Une échauffourée entre l’attaquant brésilien et Hugo Duro a en effet conduit à l’expulsion de «Vini» à la 90e+7, mais l’arbitre a décidé de ne pas sanctionner le joueur de Valence. «Ce qu’ont gagné les racistes, c’est mon expulsion. Ce n’est pas du foot. C’est la Liga», a dénoncé Vinicius sur Instagram après le match.

«Ce n’était pas la première fois, ni la deuxième ni la troisième. Le racisme est normal en Liga. […] Je suis vraiment triste. Le championnat qui appartenait autrefois à Ronaldinho, Ronaldo, Cristiano et Messi appartient aujourd’hui aux racistes», a assené le jeune joueur. Les marques de soutien à son égard ont afflué dans le monde du football, et au-delà.

Une enquête ouverte

Au lendemain de ces incidents, le parquet de Valence a, de sa propre initiative, ouvert des investigations pour un «délit de haine» présumé.

Dans le rapport remis comme chaque semaine aux autorités compétentes, la Liga a déclaré lundi soir avoir identifié «distinctement» des insultes racistes et des cris de singe.

Devant la presse, le président de la Fédération espagnole de football (RFEF), Luis Rubiales, a reconnu que le football espagnol avait «un problème de racisme», qui, a-t-il ajouté, «entache toute une équipe, tous les supporters, tout un pays». La Fédération a également demandé l'adoption de «mesures plus vigoureuses», qui pourraient aller jusqu'à la fermeture de tribunes, voire de stades en cas de récidive, ainsi que la saisine de la Commission d'État contre la violence, la xénophobie et le racisme dans le sport.

Le Conseil supérieur des sports (CSD) espagnol a affirmé qu'il était en train d'analyser les images afin d'identifier «les auteurs de ces insultes et comportements pour proposer les sanctions appropriées». Le CSD a aussi rappelé que, pour des faits similaires de racisme, il a déjà proposé cette saison 4000 € d'amende et une interdiction de stade d'un an pour les auteurs de ces insultes.

Le gouvernement espagnol, par la voie de son ministre de la Consommation, Alberto Garzon, a réclamé «une réponse ferme» contre ce phénomène qui «montre que le racisme est très ancré chez certains groupes spécifiques de supporters». Quant au président du gouvernement, Pedro Sanchez, il a affirmé lundi soir sur Twitter que «la haine et la xénophobie ne doivent pas avoir de place dans notre football ni dans notre société», réitérant son vœux de «tolérance zéro avec le racisme dans le football».

Soutien de Neymar, Mbappé, Lula et Infantino

Ces propos et ces actes s'ajoutent aux nombreux soutiens reçus depuis dimanche soir par Vinicius. «Si «Vini» avait dit «je quitte le terrain», je serais parti avec lui.

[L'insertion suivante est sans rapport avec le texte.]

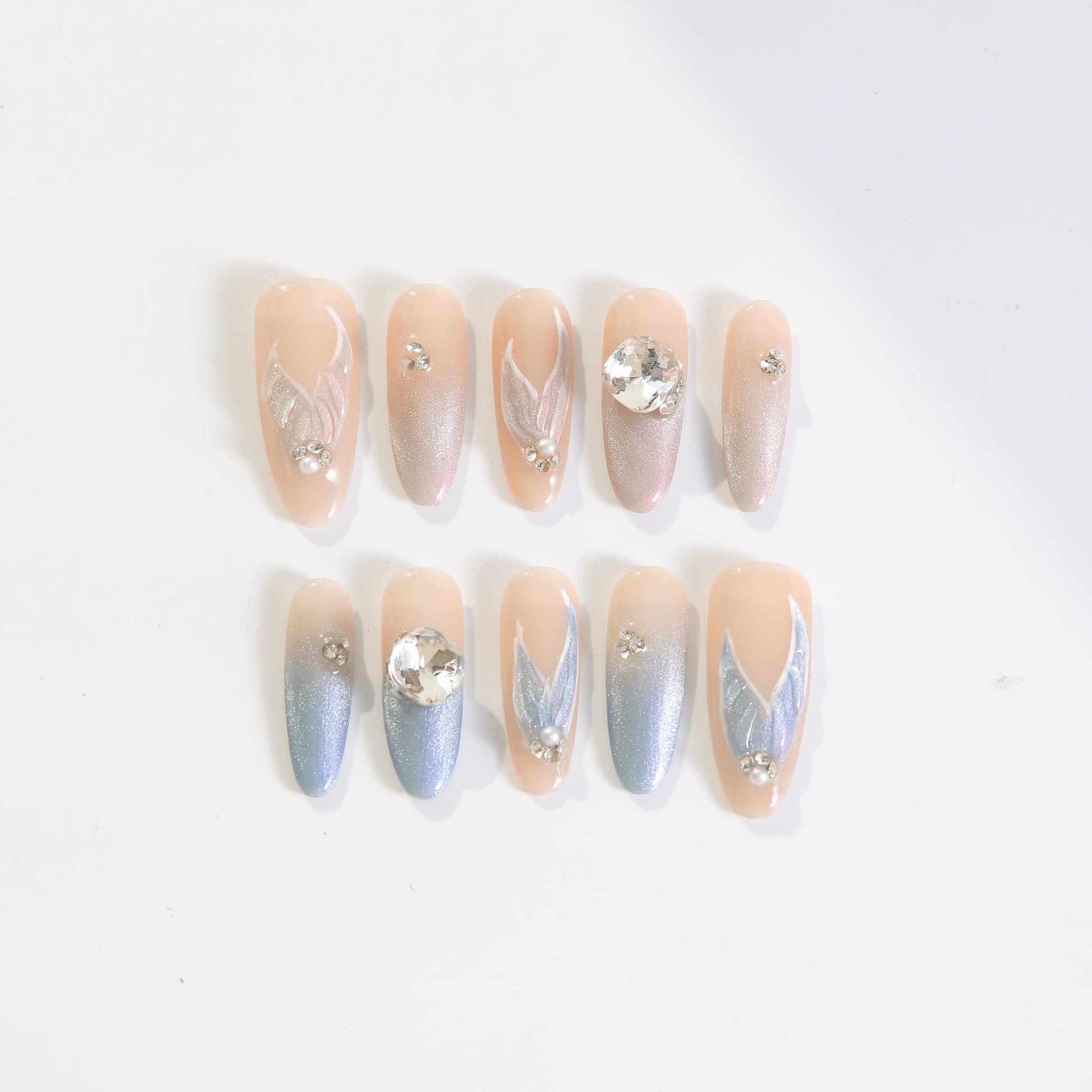 long length light blue oval press on nails with mermaid tails design and gemstones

C’est quelque chose que l’on ne peut pas tolérer», a souligné le gardien belge du Real Madrid Thibaut Courtois, qui lui aussi a dit avoir entendu «des cris de singe autour de la 20e minute». «Avec toi», a de son côté réagi sur Instagram Neymar, son coéquipier avec la Seleçao.

Un autre international brésilien Richarlison, la légende à la retraite Ronaldo ou encore l’icône de la musique Gilberto Gil ont aussi exprimé sur les réseaux sociaux leur solidarité, tout comme l’attaquant français, Kylian Mbappé. «Tu n’es pas seul. Nous sommes avec toi et te soutenons», a écrit en anglais la vedette du PSG sur son compte Instagram.

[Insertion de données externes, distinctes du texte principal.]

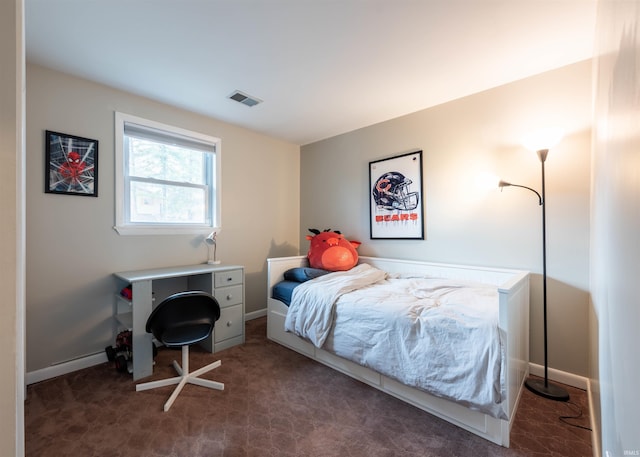 bedroom with dark colored carpet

«Il n’est pas possible, en plein XXIe siècle, d’avoir des préjugés raciaux aussi forts dans autant de stades de football»

Lula, président du Brésil

Lors d’une conférence de presse à Hiroshima, au Japon, le président brésilien Luis Inazio Lula da Silva a lui-même condamné le «racisme» dont a été victime le joueur. «Il a été attaqué. On l’a traité de singe». «Il n’est pas possible, en plein XXIe siècle, d’avoir des préjugés raciaux aussi forts dans autant de stades de football», a-t-il ajouté. Dans son sillage, le gouvernement brésilien a appelé l'ambassadrice d'Espagne – Maria del Mar Fernandez-Palacios – pour lui faire part de son «mécontentement». Brasilia a exprimé à la diplomate son «espoir que des mesures soient prises dans cette affaire» par le gouvernement et les autorités sportives espagnoles.

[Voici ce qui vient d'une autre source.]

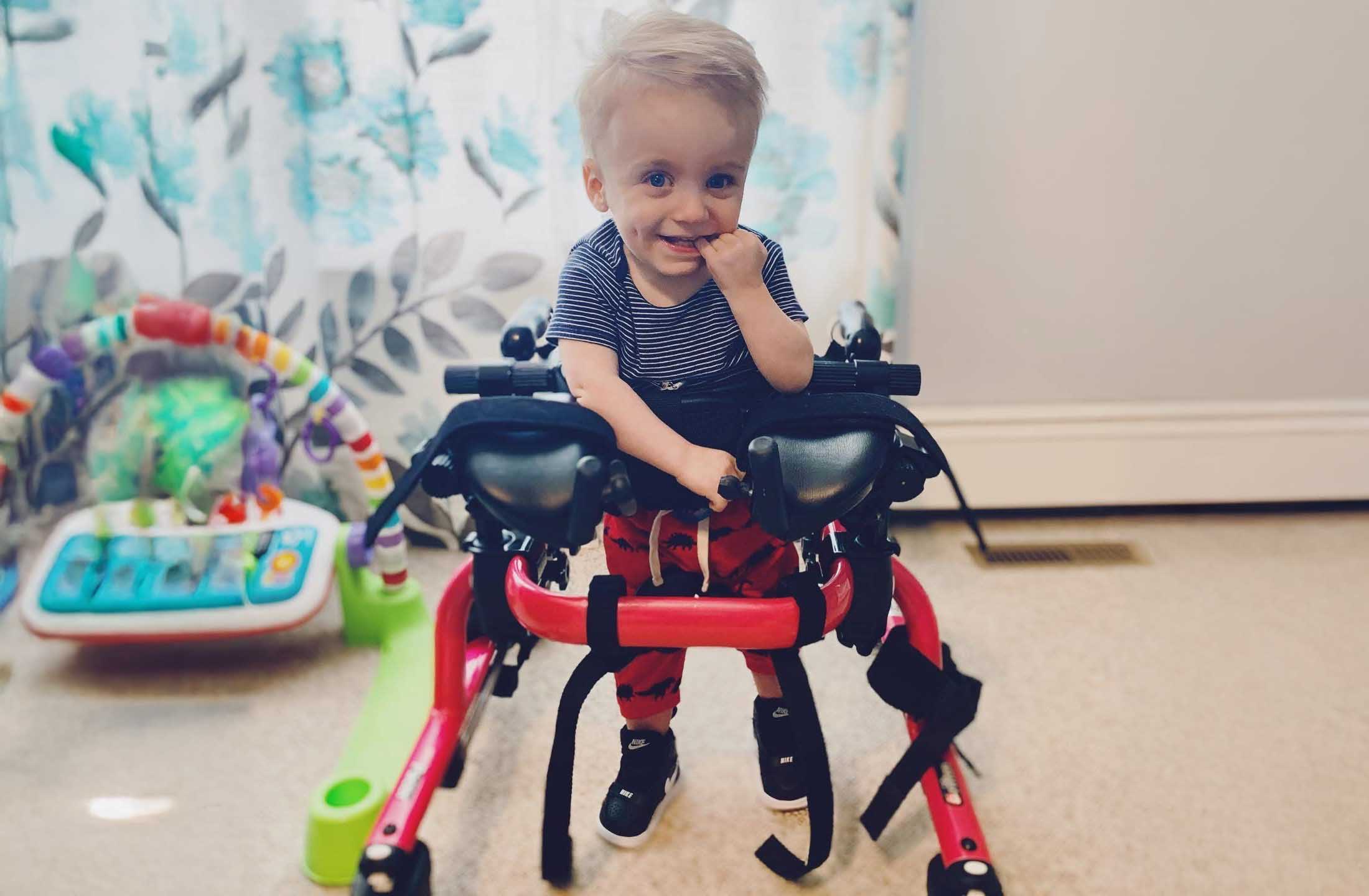 Smiling toddler in striped shirt using a red mobility walker in a living room.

Gianni Infantino, président de la FIFA, a de son côté exprimé sa «pleine solidarité» à Vinicius à travers un communiqué. «Il n’y a pas de place pour le racisme dans le football ou dans la société et la FIFA soutient tous les joueurs qui se sont retrouvés dans une telle situation», indique le dirigeant italo-suisse. Gianni Infantino a rappelé les trois étapes mises en place lors des compétitions organisées par la FIFA en cas d’insultes racistes et a souhaité qu’elles soient «appliquées dans tous les pays et dans toutes les ligues»: «Premièrement, vous arrêtez le match. Dans un second temps, les joueurs quittent le terrain et le speaker annonce que si les attaques continuent, le match sera suspendu. Le match recommence, puis, troisièmement, si les attaques continuent, le match s’arrêtera et les trois points iront à l’adversaire.»

Tensions avec Javier Tebas

Dans un communiqué diffusé après le match, le Valence CF a dit «condamner publiquement toute sorte d’insulte, d’attaque ou de mépris», et «regretter les faits survenus» dimanche, en évoquant toutefois un «acte isolé». «Le club est en train d’enquêter sur les faits qui se sont déroulés et prendra les mesures les plus sévères», a assuré Valence.

Seule voix dissonante – et pas n’importe laquelle: celle du patron de la Liga, Javier Tebas, qui a mal pris les accusations du Brésilien et s’est lancé dans une passe d’armes avec lui sur les réseaux sociaux. «Avant de critiquer et d’insulter la Liga, il serait nécessaire que vous vous informiez correctement», a-t-il cinglé, en réfutant toute inaction de son instance. «Je ne suis pas votre ami pour parler de racisme. Je veux des actions et des sanctions», lui a répondu Vinicius.

«Il y a déjà eu des plaintes, mais qu’est-ce que ça a donné? Rien du tout. La seule et unique solution, c’est d’arrêter le match», avait pour sa part conclu Ancelotti, lors de sa conférence de presse d’après-match.